Reproduce the whole listing exactly, omitting any picture it holds.

> DATASET EXCERPT
§ §
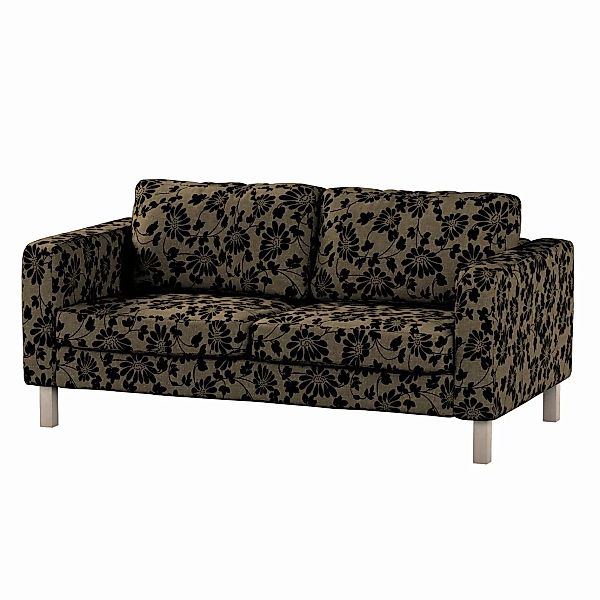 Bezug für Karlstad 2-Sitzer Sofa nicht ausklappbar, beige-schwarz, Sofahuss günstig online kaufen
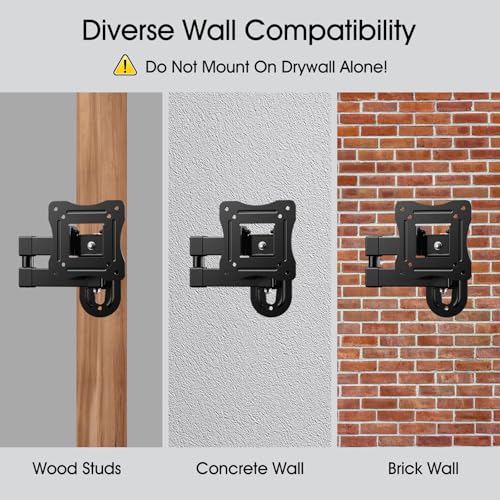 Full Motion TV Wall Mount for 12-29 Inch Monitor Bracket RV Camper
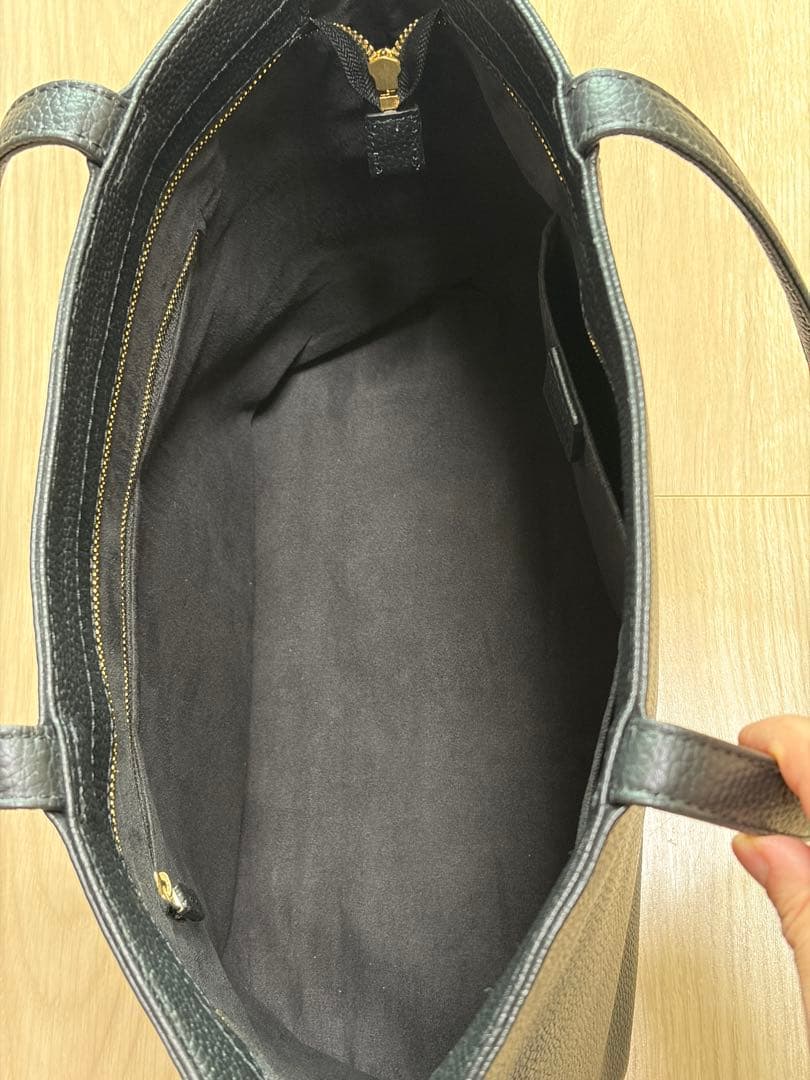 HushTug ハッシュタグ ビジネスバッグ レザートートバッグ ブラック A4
§ §
> ANSWER SPACE
 Bezug für Karlstad 2-Sitzer Sofa nicht ausklappbar, beige-schwarz, Sofahuss günstig online kaufen
 Full Motion TV Wall Mount for 12-29 Inch Monitor Bracket RV Camper
 HushTug ハッシュタグ ビジネスバッグ レザートートバッグ ブラック A4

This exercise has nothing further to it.